The report said many advisers begin with the fast-track framework because it offers a simpler benchmark, but stressed that it “is not the right fit for every scheme”.

EY argued that schemes with strong employer covenants and justified investment risk may benefit from bespoke arrangements instead, provided sponsors can supply sufficient evidence to support their approach.

The firm also warned sponsors against redesigning their entire funding strategy solely to satisfy fast-track requirements, noting that fast track “does not permit investment outperformance in the recovery plan”, potentially leading to overfunded positions.

In addition, the report highlighted the importance of developing a credible pathway towards low-dependency funding targets, with sponsors encouraged to map out clear triggers linked to funding levels, covenant milestones, and scheme maturity.

EY said trustees are increasingly seeking evidence that covenant reliance will reduce over time through de-risking measures, contributions and contingency planning.

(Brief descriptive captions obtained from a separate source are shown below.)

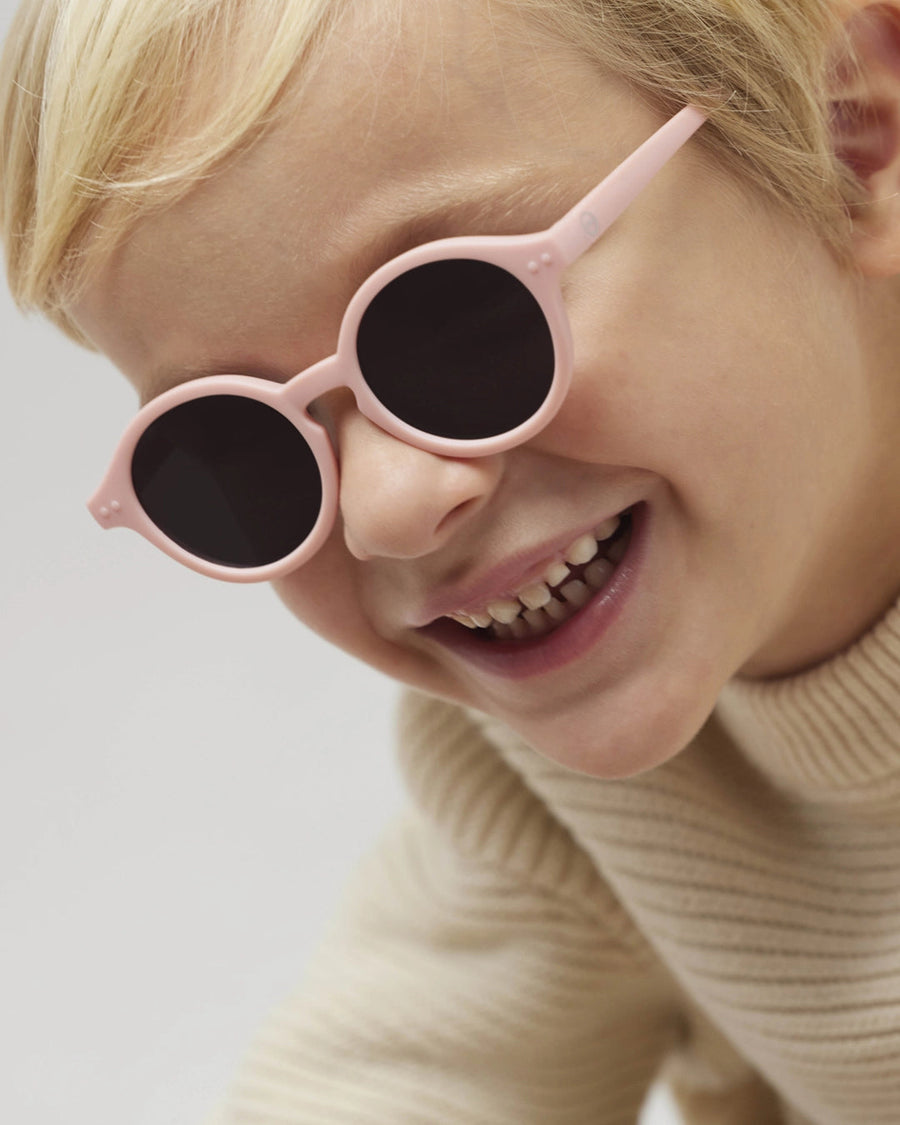 Kids Plus Sunglasses Glasses Izipizi paris Pastel Pink #D 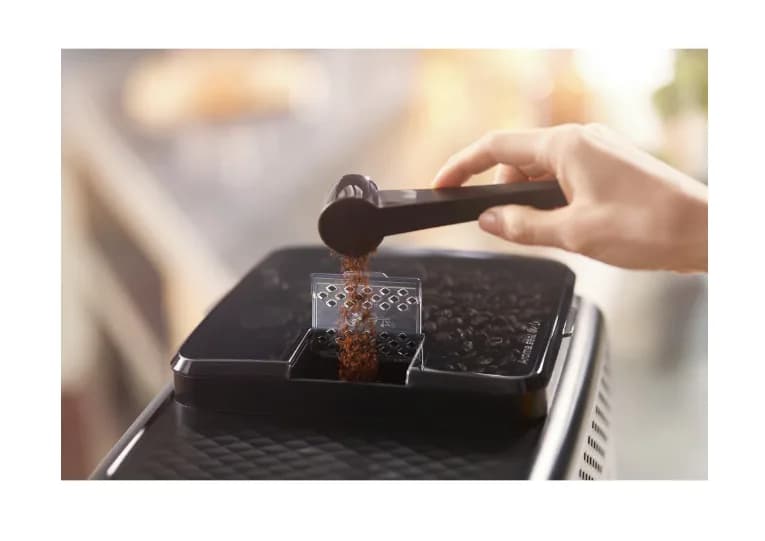Espressor automat Philips EP1224/00, 1500W, 2 bauturi, sistem clasic de spumare a laptelui, afisaj tactil, rasnita ceramica, filtru Aqua Clean, gri casmir — miniatură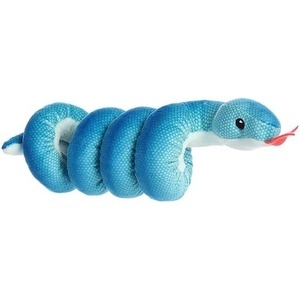 Aurora® Playful Snake Wrist Wranglers™ Blue Pit Viper Stuffed Animal – Vibrant Colors for an Eye-Catching Design – Perfect for Kids, Adults, and Any Reptile Enthusiasts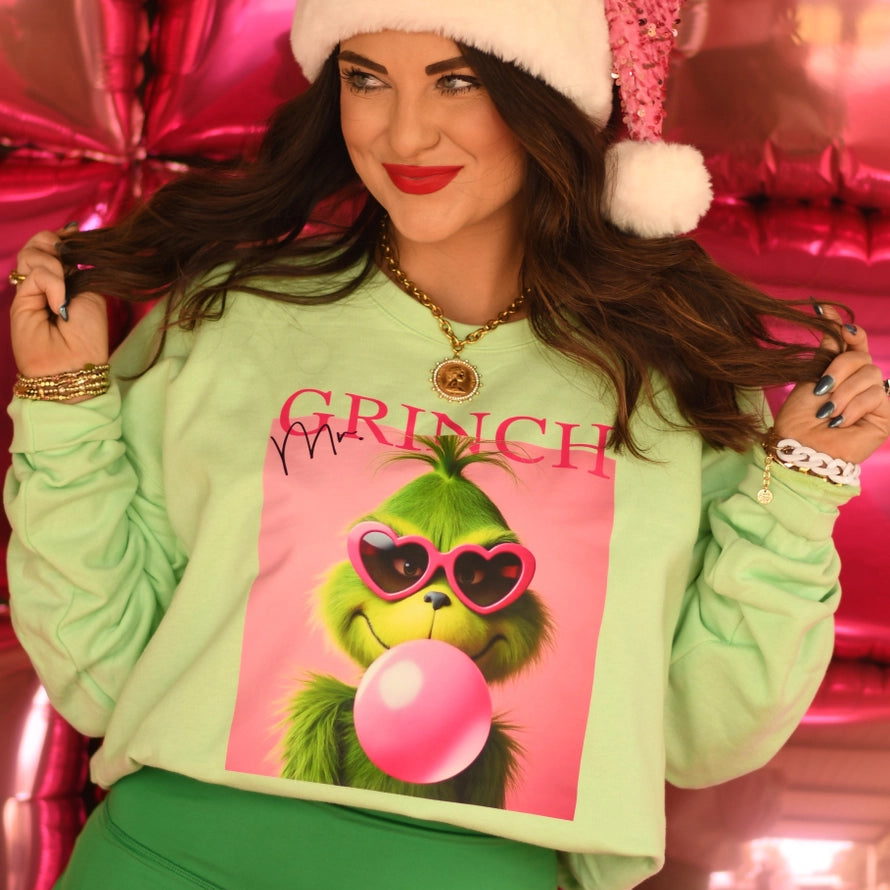 P&PD Mr.Grinch Sweatshirt on Simply Obsessed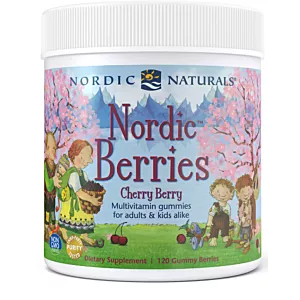 NORDIC NATURALS Nordic Berries Cherry Berry (120 żelek)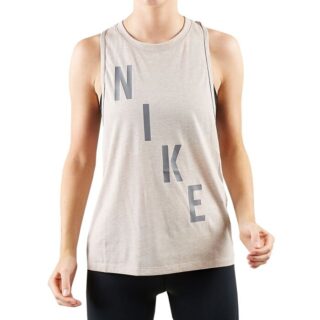 Nike Damen Lauf- und Trainings-Tanktop Moon Particle/Heather, Gr. L – Leichtes, atmungsaktives Top für optimale Performance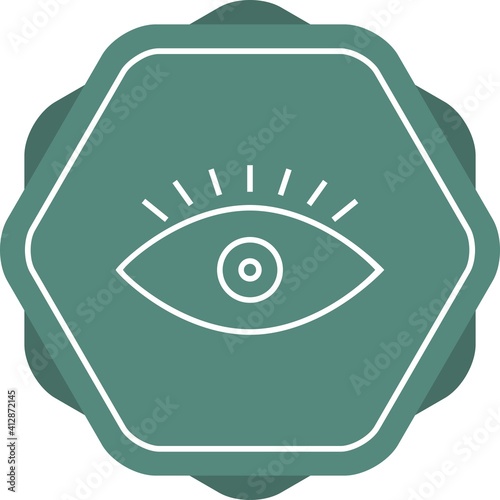 Unique line vector icon of eye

The report also emphasised the growing importance of covenant visibility under the funding code, warning that trustees may adopt more prudent assumptions if sponsors fail to provide a “clear, evidence-based narrative” about the employer’s financial resilience.

To support trustee confidence, EY recommended sponsors provide information on cash generation, liquidity, leverage headroom and downside stress testing.

The report further identified contingent assets, such as parental guarantees and escrow arrangements, as an increasingly important tool for supporting higher investment risk or longer recovery plans.

Alongside this, EY encouraged sponsors to engage early with trustees on expense assumptions, warning that overly cautious expense reserves and inflation assumptions could materially affect funding positions.

EY UK Pensions Strategy & Transactions partner, Jane Evans, said: “Amid a challenging macroeconomic backdrop, UK businesses are under even more pressure to be proactive rather than passive.

“The response to the DB funding code reflects this shift. One year on, many sponsors are now treating pension funding as part of a long-term transformation, using robust data and clear covenant narratives to support stronger risk management and trustee confidence.

“By taking a strategic approach to regulatory change, firms are building resilience, protecting investment, and positioning themselves for sustainable, competitive growth.”

EY concluded that the funding code has shifted the focus of DB funding away from short-term valuations towards “long-term resilience”, with sponsors urged to “lead the process rather than be led by it”.